Nigeria’s local content across the oil and gas sector stagnated at 54 per cent this year to create serious concerns after a 13-year upward outlook amid rising divestment by international oil companies and over $25 billion investment by indigenous organisations.
The Nigerian Content Development Monitoring Board (NCDMB), which champions the Nigerian Oil and Gas Industry Content Development Act, introduced in 2010, is already raising fears that the content level in the industry may peak unless urgent and collaborative efforts are taken.
Speaking in Yenegoa, Bayelsa State at the 12th Practical Nigerian Content (PCN) Forum, Executive Secretary of NCDMB, Simbi Wabote, said compliance with remittances to the board remains challenging. He said urgent measures are needed to ensure that the content level does not stagnate.
Coming at a time when international oil companies are moving rapidly out of the country with over $21 billion divestments in the recent year, the local content initiative is praised as one of the most strategic initiatives that enable Nigerians to lead the oil and gas sector instead of importing skills and wasting hard earned foreign exchange.
Wabote said this is now facing onslaught from operators. Recall that Nigeria’s yearly capital expenditure in the upstream arm of the oil sector dropped by over 70 per cent from $27 billion in 2014 to less than $6 billion in 2022, a development which has further worsened yearly budget implementation and drastically increased borrowing rate amid rising inflation and foreign exchange crisis.
Wabote, whose tenure is running out as Executive Secretary of the board, said: “While the 54 per cent Nigerian content level achieved in 2023 is commendable, it calls for industry stakeholders to reflect if this is a sign of stagnation or the reflection points leading to decline in Nigerian content level in the oil and gas industry.

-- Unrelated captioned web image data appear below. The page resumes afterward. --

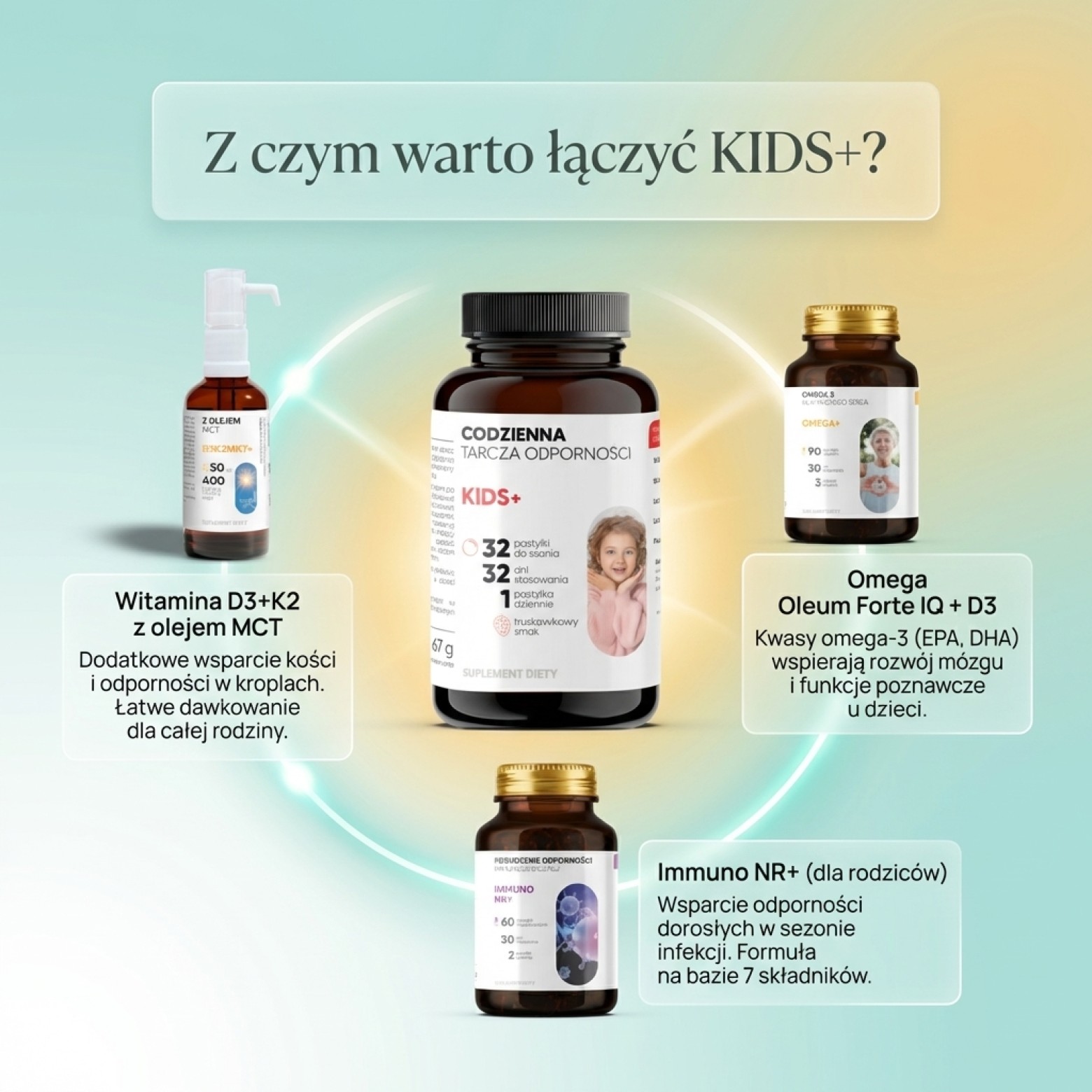 KIDS+ - Probiotyki + Witamina D bez cukru dla dzieci 3+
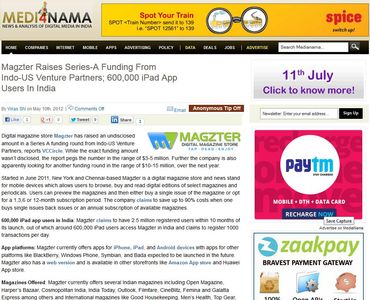 Magzter Raises Series-A Funding From Indo-US Venture Partners; 600,000 iPad App Users In India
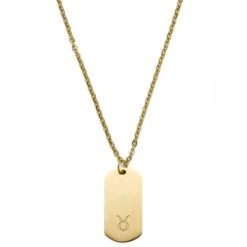 Lucleon Collier Zodiaque En Acier Doré - Le Taureau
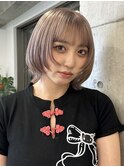 韓国風顔周りレイヤーカットミルクティーベージュブラウンカラー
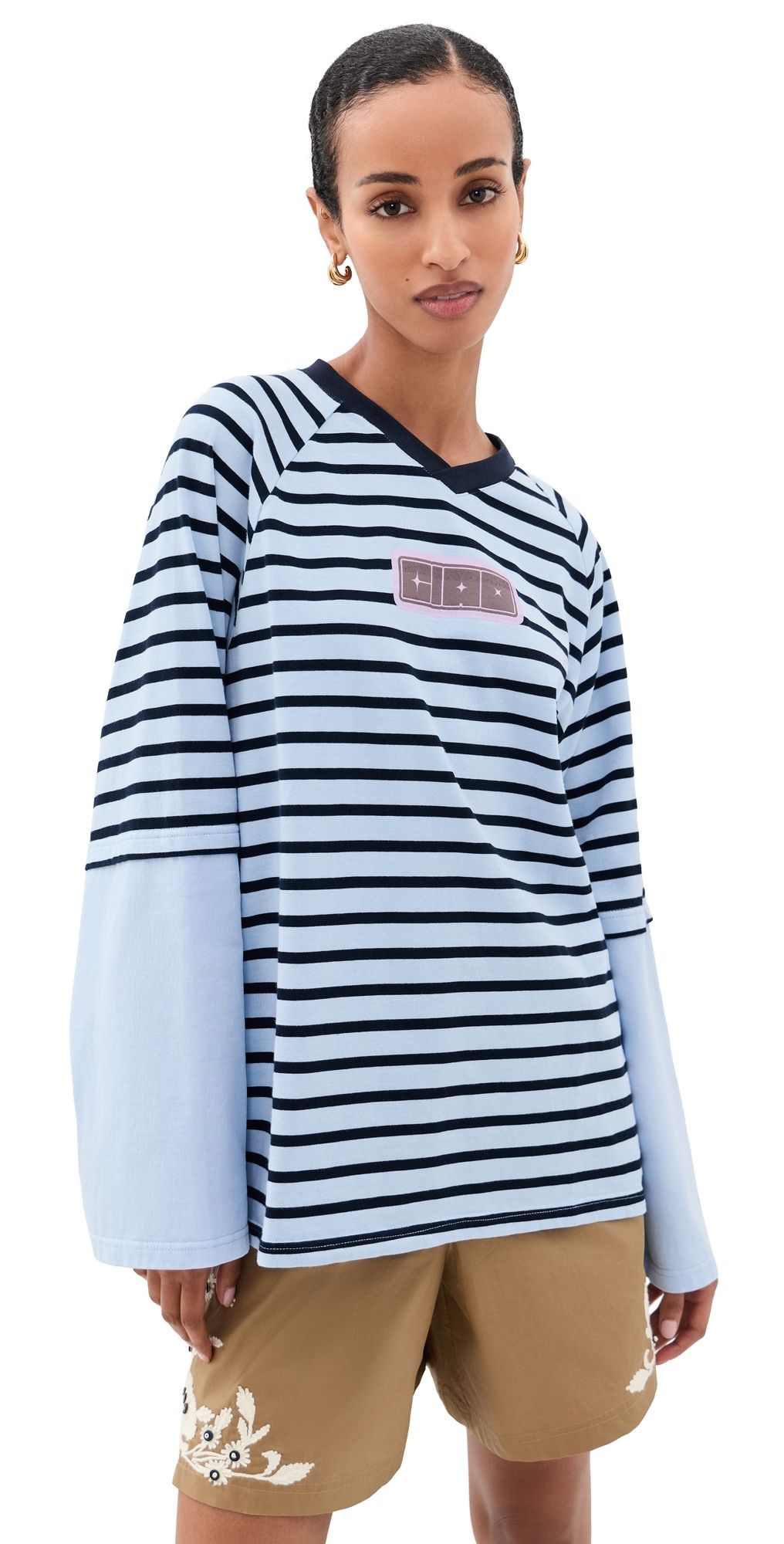 Ciao Ciao Vacation Double Trouble Long Sleeve Tee Blue Stripe M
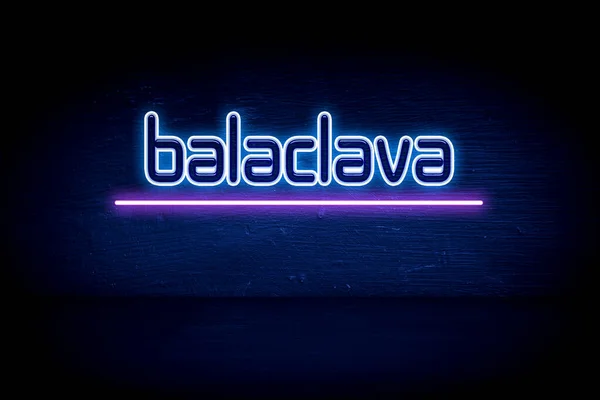 Balaclava Blauw Neon Aankondiging Bord — Stockfoto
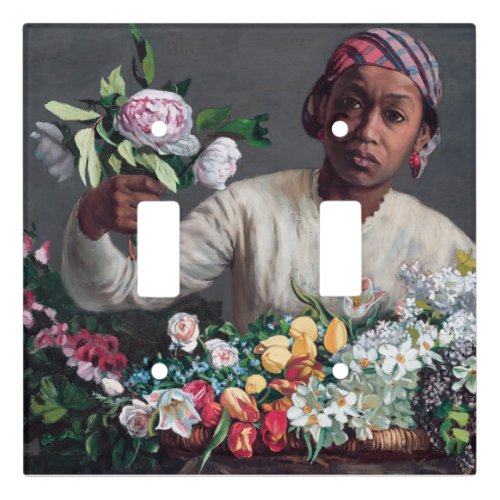 Frederic Bazille _ Young Woman with Peonies Light Switch Cover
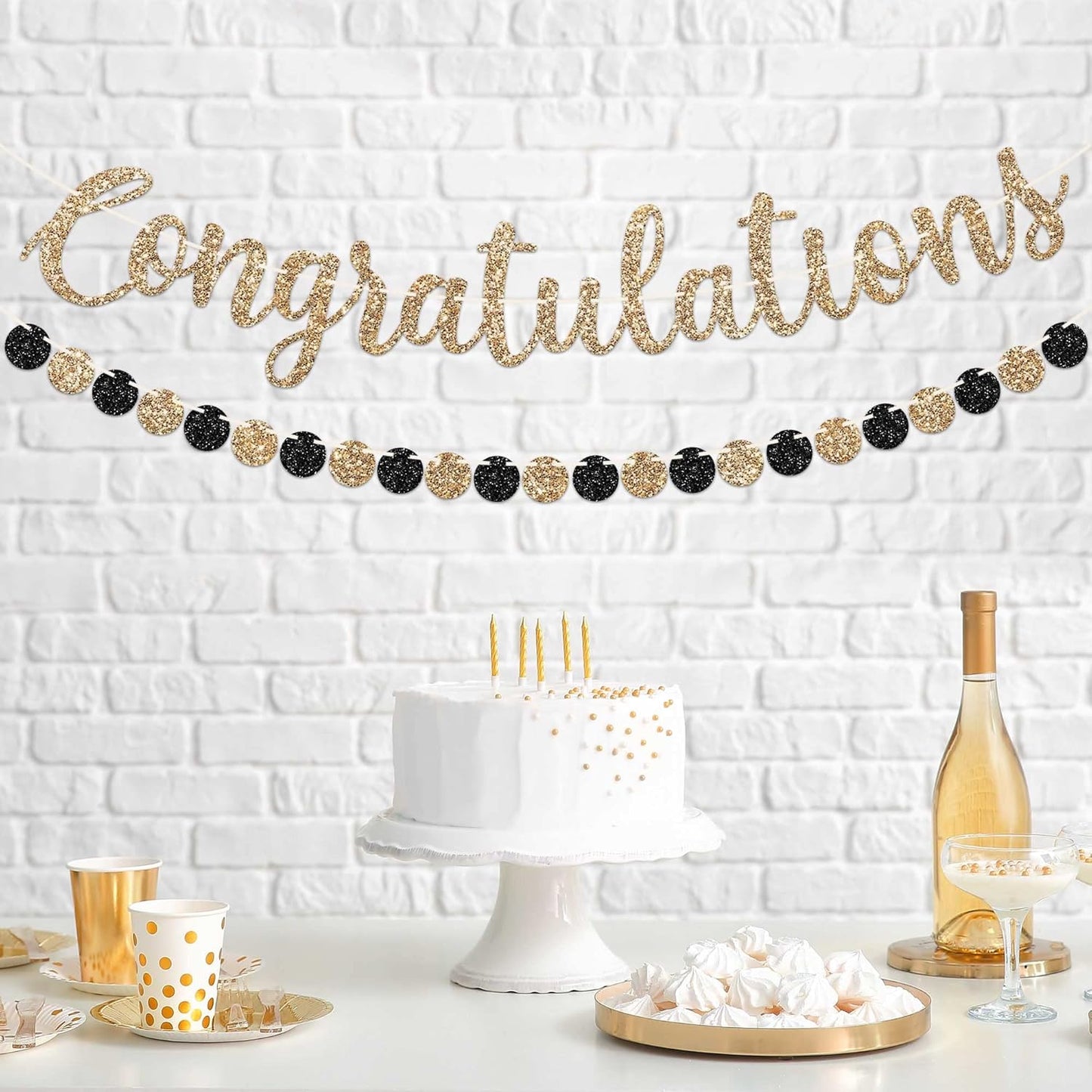 Pre-strung Congratulations Banner - No DIY - Gold Glitter Congratulation Banner - Pre-strung Garland on 6 ft Strand - Graduation, Wedding, Retirement Party Decorations & Decor. Did We Mention No DIY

“Where I sit, I see some disturbing signs pointing in that direction. I believe we can counter this emerging dynamic as this is not the first time we are faced with such an onslaught on local content practice.”
“I believe all the stakeholders in the industry will play their part to prevent us from going back to the dark days of implementing Nigerian content as a token of consolation. The nexus between high Nigeria content levels and the related peace in the industry must not be lost.”